As guest speaker at the third meeting of Fort Worth Interfaith Power and Light, he explained the details of his ultra-simple drip irrigation kit, designed specifically for use in third-world countries with little rain or access to water. Two-thirds of the world’s population is underfed or starving, he tells the room, and a little irrigation can go a long way.

“The whole idea of climate change is making use of our resources. We have a certain number of people on the planet, and they all want to get fed,” Fripp said after his presentation. “The whole essence of these faith-based movements is people. It’s not just about the bugs and bunnies. It’s about people. That’s why they asked me to come speak.”

It’s also the third meeting of the budding environmental group, and a dozen people, laypeople and pastors from Fort Worth churches, stayed for the hour-and-a-half-long presentation.

At the group’s first big meeting in October, titled “Water Matters: An Interfaith Discussion about the Environment in North Texas,” organizers recruited three religious experts with backgrounds in Christianity, Judaism, and Hinduism.

About 60 people showed up to hear the speakers, but that was the unofficial grand opening. This month’s meeting didn’t do as well, and the founders were quick to point out that activism of any kind isn’t the first priority of those who attend church.

They know recruitment is going to be an uphill battle.

“People come to church to be spiritually fed,” said Roach. “They’re not there primarily to change the world, they’re there to change themselves.”

Texas Interfaith Power and Light has recently formed new multi-faith coalitions in Dallas and San Antonio as well as Fort Worth. Speakers at monthly gatherings, which attract an assortment of pastors and laypeople from a handful of churches, have discussed climate change, water scarcity, and global hunger. The oldest group, in Austin of course, has already spent two years lobbying the city council and the Texas Legislature for measures to clean up air and water and protesting the Keystone XL pipeline.

The group’s efforts are a reflection of a national movement, if still a nascent one. Two of every three Americans now say they care about the environment because it is “God’s creation,” according to a 2008 Sierra Club survey, and in the last few years there have been enough books tying together spirituality and environmentalism to fill a missionary’s backpack. In February, the newly formed Young Evangelicals for Climate Action protested the second presidential debate because both candidates were allowed to avoid questions about climate change.

Make no mistake: The actual activists remain a minority within the religious community. Their influence is still nowhere near that of the “family values” groups whose opposition to abortion and same-sex marriage has long galvanized the religious right. And when Gov. Rick Perry says he’d abolish the EPA altogether, it’s clear that environmentalists have their work cut out for them.

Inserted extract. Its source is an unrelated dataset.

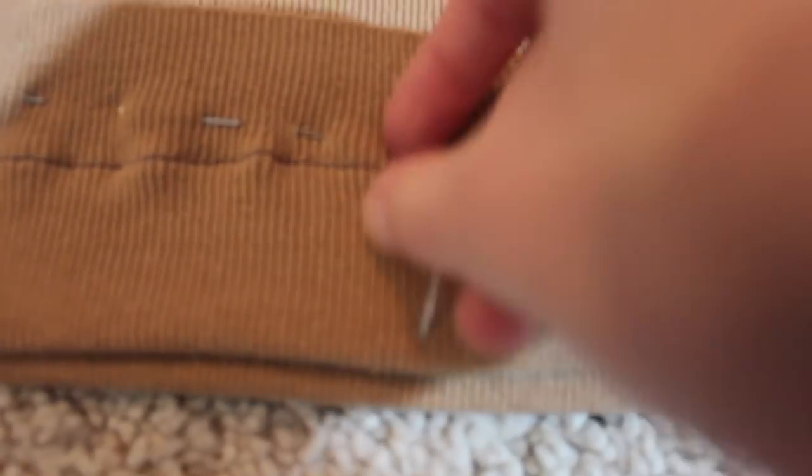After you have a perfect line sewed there, you're just going to remove all your pins so you don't stab yourself in the next process.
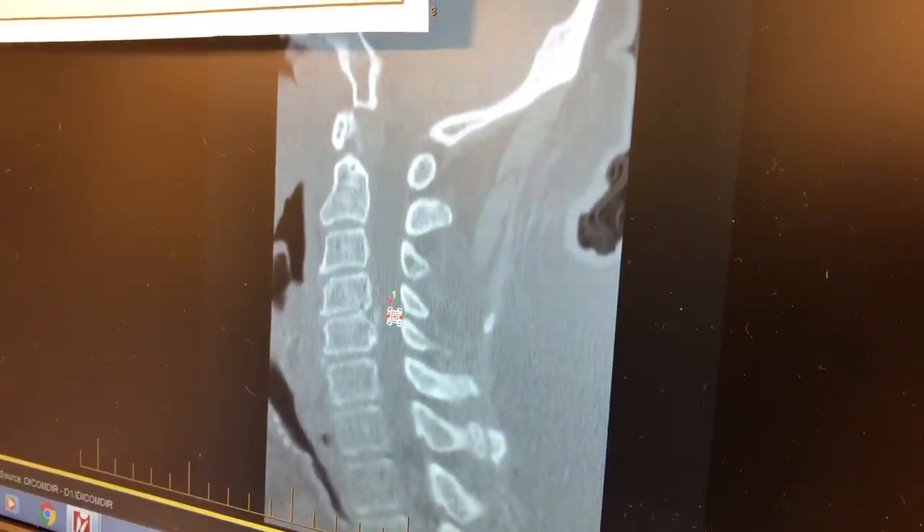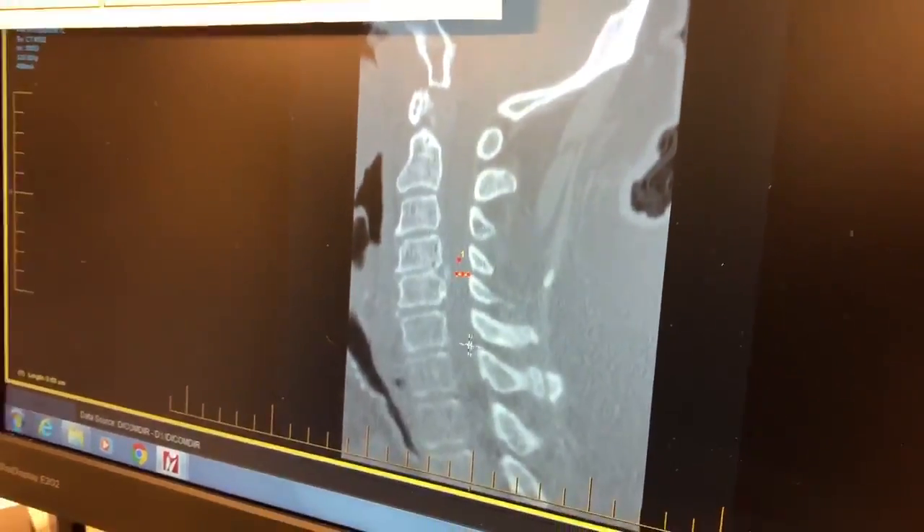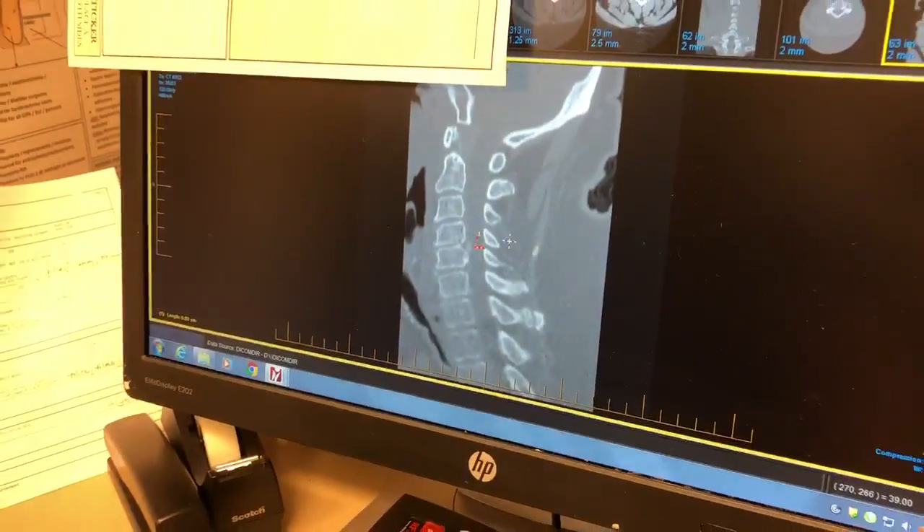This area measures five millimeters. What we're going to do today is remove the bones on the back of his neck and then stabilize the spinal cord to back up away from it.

But change starts small, and it’s helped along when you can get prayers –– and political support –– behind it.

“You don’t need a majority of Texas Christians to agree with you,” Schermbeck said. “Nothing may happen for a while in Texas, but that will change. And when it does, these people are in a profound position to be an instrument of that change.”

Much of the credit for the expansion of Interfaith Power and Light into Dallas-Fort Worth goes to Amanda Robinson, the organization’s Texas coordinator. Religious people care about many issues, and often the environment ranks low on their list of priorities if it shows up at all, she said.

“It’s true that we don’t have widespread religious engagement on environmental issues, but I think that the tide is turning,” Robinson said. “People across the board are accepting that climate change is happening. That is also true in the faith community.”